The G&L SC-2

The G&L SC-2 

My dad bought me an original SC-1 way back in 1981 or '82.  I had that guitar for more than 20 years before finally selling it to a collector (I actually bought and sold that guitar three times before getting rid of it for good).  The original version was a one-trick pony: it featured very wide and very low frets on a vintage radius neck that was carved pencil thin and coated in a thick finish. It was also limited to one rectangular MFD pickup in the bridge. It was fine for a student playing cowboy chords, and it sounded great but perhaps too bright. However, it was not much of a player. My difficulty in letting it go was purely sentimental and not due to musical considerations.

G&L has reissued the SC in a two-pickup version and, happily, the design is not true to the original.  I had the opportunity to bag a hardtail in Belair green for $650 (mint condition with warranty -- this was a situation of dealer inventory being bought up by another dealer resulting in a new guitar for a 'used' price). If I had paid a couple hundred more I would still consider it a good deal.

Deviating from the 80s, today’s neck is chunky but fast, the radius has been bumped out to a modern 12” and the fretwork (due in part to the Plek process) is pretty good.  The neck pickup is woody and spanky and the bridge pickup (overwound) is hot and sultry – it will excite your amp.  However, it is a little too hot and mid-rangey for me so I rarely use this guitar for anything more than the neck pickup or the in-between sounds with the volume backed down a bit.
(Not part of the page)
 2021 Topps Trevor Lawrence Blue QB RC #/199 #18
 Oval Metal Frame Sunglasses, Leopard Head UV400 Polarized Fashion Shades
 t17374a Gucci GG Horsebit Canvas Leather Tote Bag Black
Combined, the ‘in-between’ sound is bouncy and articulate. The guitar sounds unique.  And, of course, G&L uses high quality pots so you can roll back the volume to dial in sweeter tones on the bridge pup.

You have your choice of hard-tail or vibrato bridge and a few colors [update! The SC-2 is now available in any G&L color you care to order]. The only thing you might miss is the maple fretboard option – for the time being anyway, they’re only available in rosewood. Maple with a vintage tint and Belair green would have looked amazing! 
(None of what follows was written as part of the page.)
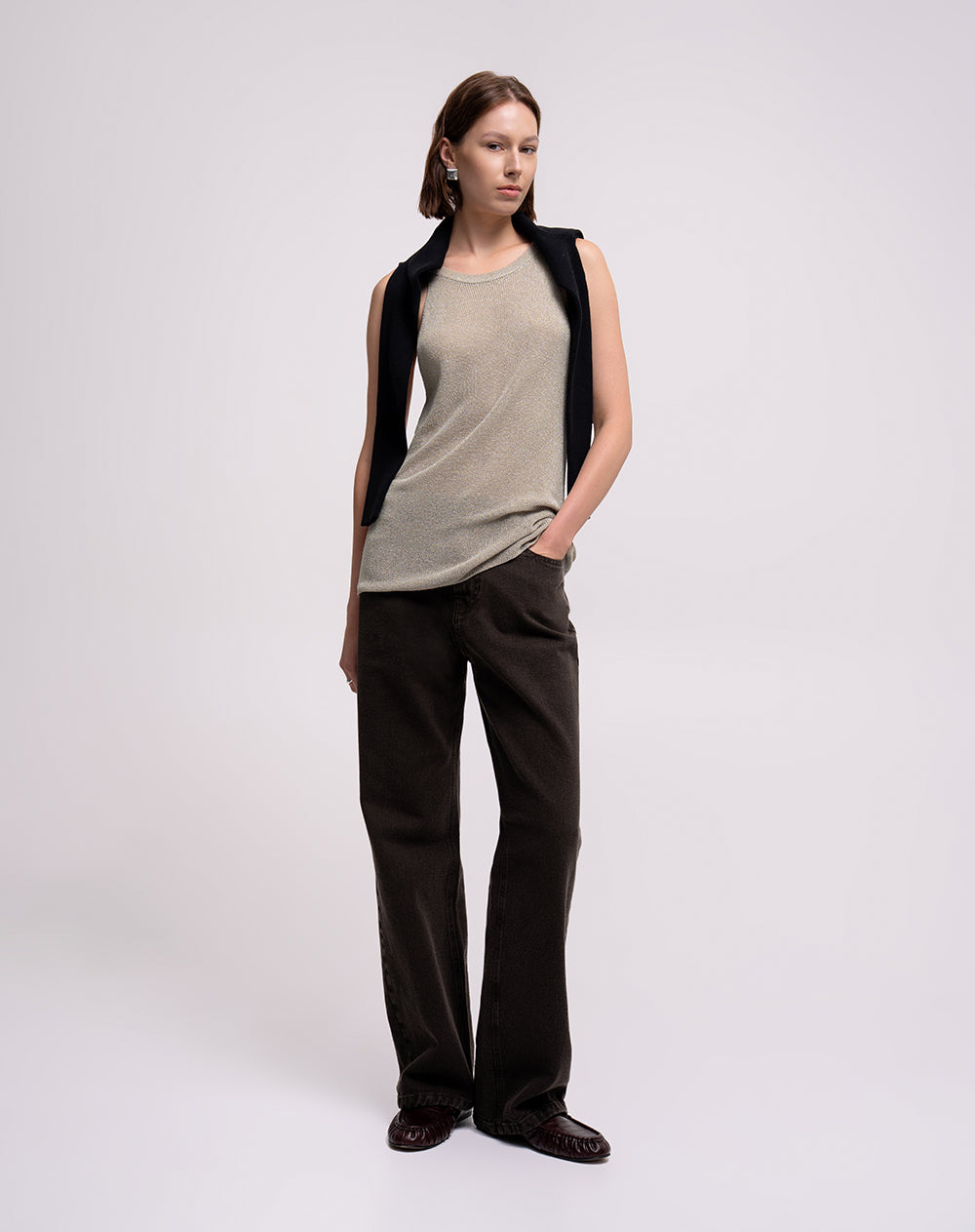 Blusa regular tejida acabado brillo habana mujer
Strung up with a set of 9’s the action is low with the right amount of ‘dig’ around the 12th and 14th frets.  Spunky is the word here. Unlike the originals, the new SC is a joy to play from the first position to the top of the neck.  The body is small and light giving the guitar a very resonant and lively feel. 

Nothing is missing from the SC-2 that detracts from the G&L experience: all the hardware is American-made and solid as hell. The maple and the rosewood in the neck are top grade and I even like the frumpy headstock – noticeably less frumpy than the originals but still sufficiently frumpy! Though, it is a bit large. They could have scaled it down by 10% and it would have looked better.
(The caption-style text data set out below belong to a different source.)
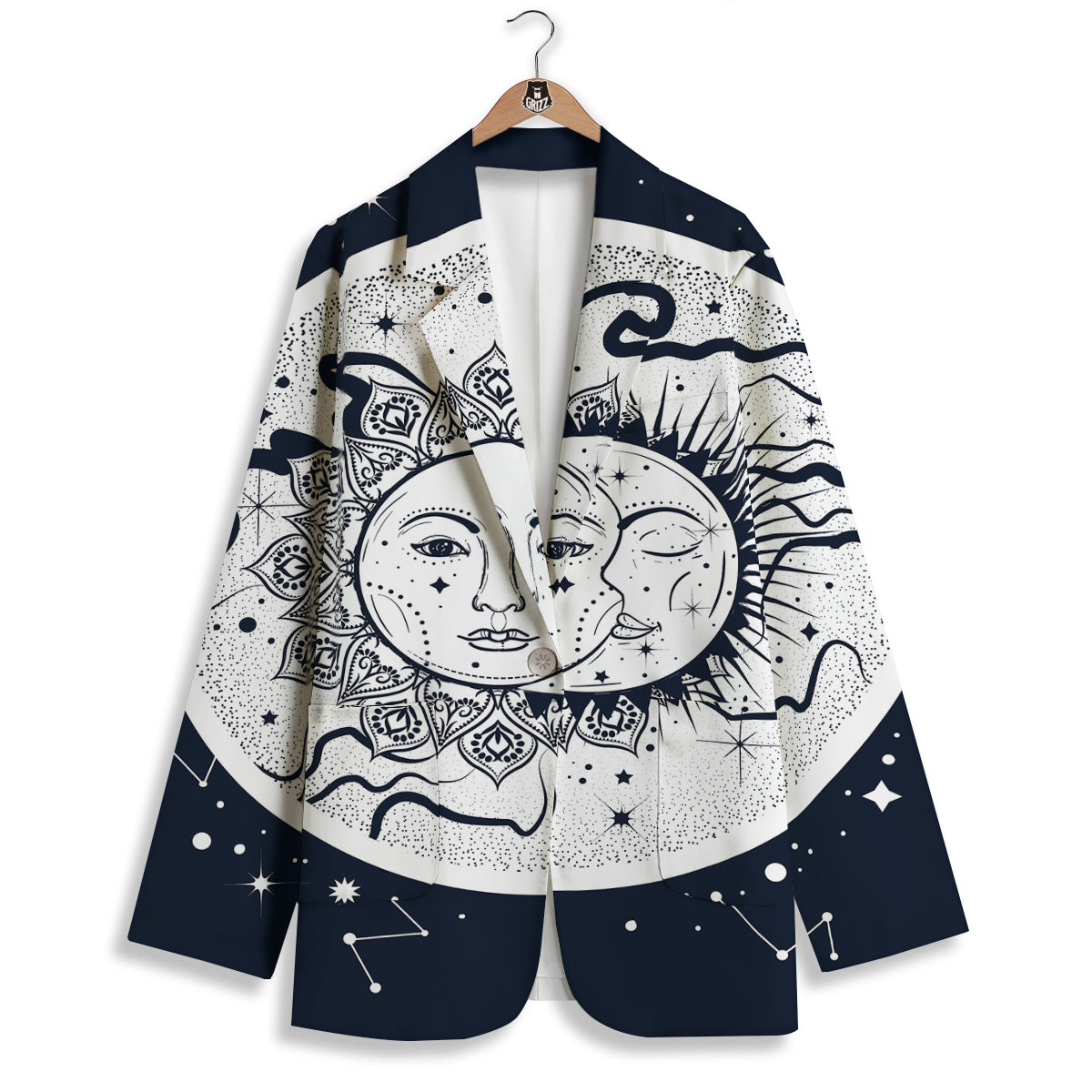 Sun And Moon Bohemian Celestial Print Women's Blazer-grizzshop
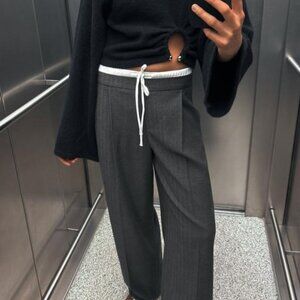 ZARA *DOUBLE WAIST WIDE LEG PANTS* 2 pair, Black and Navy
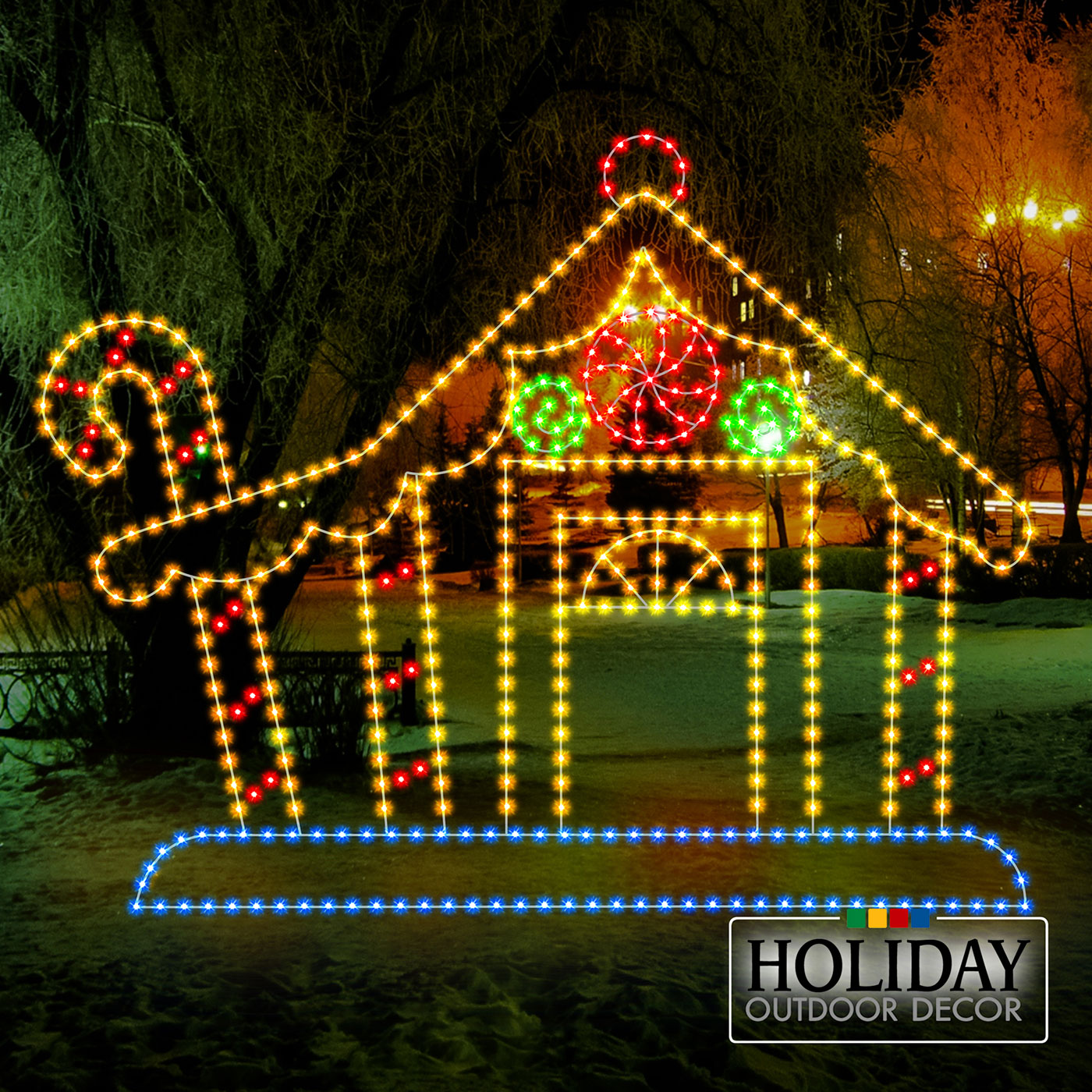 Outdoor Lighted Gingerbread House Decorations | Shelly Lighting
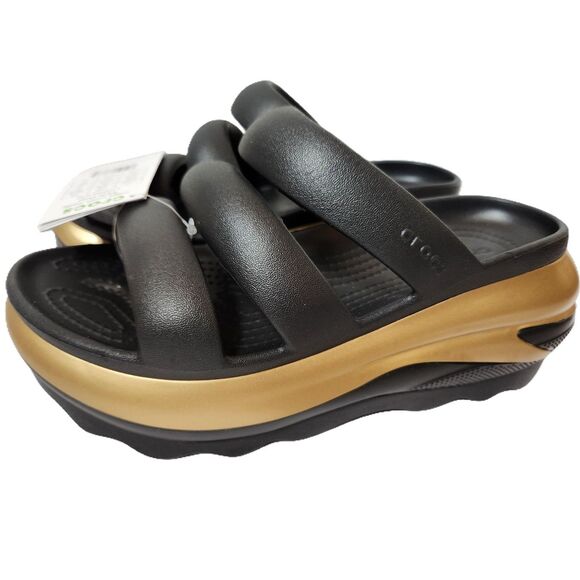 Crocs Mega Crush Metallic Triple Strap Wedge Slide – Women’s Size 8 / EU 38–39 - Picture 1 of 8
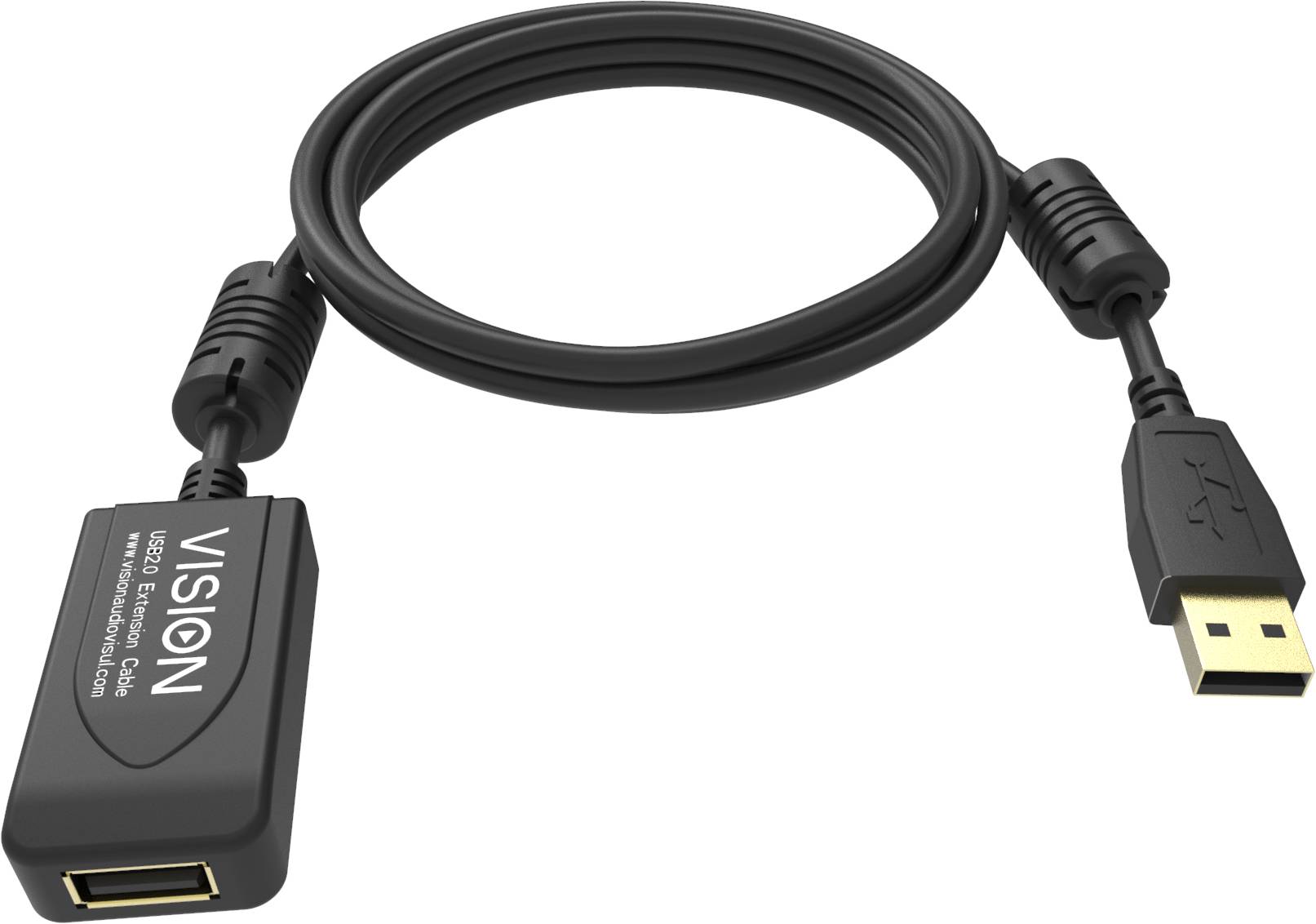 Schwarzes USB-Kabel mit einem integrierten Vision-Adapter, der einen USB-A-Stecker und einen USB-A-Buchse zeigt.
Problems? Only a couple of minor complaints: whoever buffed the neck out failed to get the satin finish all satiny on one spot on the back of the headstock and the guitar is neck-heavy. Obviously, this is not PRS level quality but not bad either. 

This guitar is perfect for just about any style other than metal -- face it, Belair green with white pickups looks too happy and surftastic for that kind of stuff. 

The SC-2 is one of the best deals in electric guitars today: an American guitar with top shelf components for the price of an Exploitistan import. But that's the story of G&L these days: killer guitars at very reasonable guitars -- and the company just keeps improving

How could it be improved? Stainless steel frets would be killer and oversized fretboard position dots from the old days – that would have been a nice touch. If you’re looking for something different than the old Strat and Lester tones it would be stupid not to give an SC-2 a test drive if you can live with the looks.

[Update. G&L has recently made SS frets an option]

Further: the neck carve is great in itself but G&L probably should have stuck with the thin carve from back in the day and lowered the weight of the neck in so doing. That, and probably reducing the headstock size a bit would have made a more balanced instrument.

My biggest gripe pertains to the balance and weight. It is neck-heavy and might dive on you depending upon your strap.

More of a problem is the bridge pickup. Some people like overwound pickups but I do not. The bridge MFD is just too hot and does not balance with the neck pickup that well w/o rolling the volume back some -- it's like two different guitars in one rather than a single instrument.

UPDATE: These days I rarely ever play this SC except when I want its neck pickup tone for a spot or two in a recording. It just never won a place in my stable of go-to guitars. That's pretty much the case for all my G&L guitars....over the years, they've been displaced by better guitars from PRS and Suhr. I may order a replacement bridge pup and see if I can't forge a new relationship with this guitar, but, considering I already have all my bread and butter tones covered with other great instruments, this SC will probably just remain a niche instrument I pull out a couple times per year for its quirky vibe.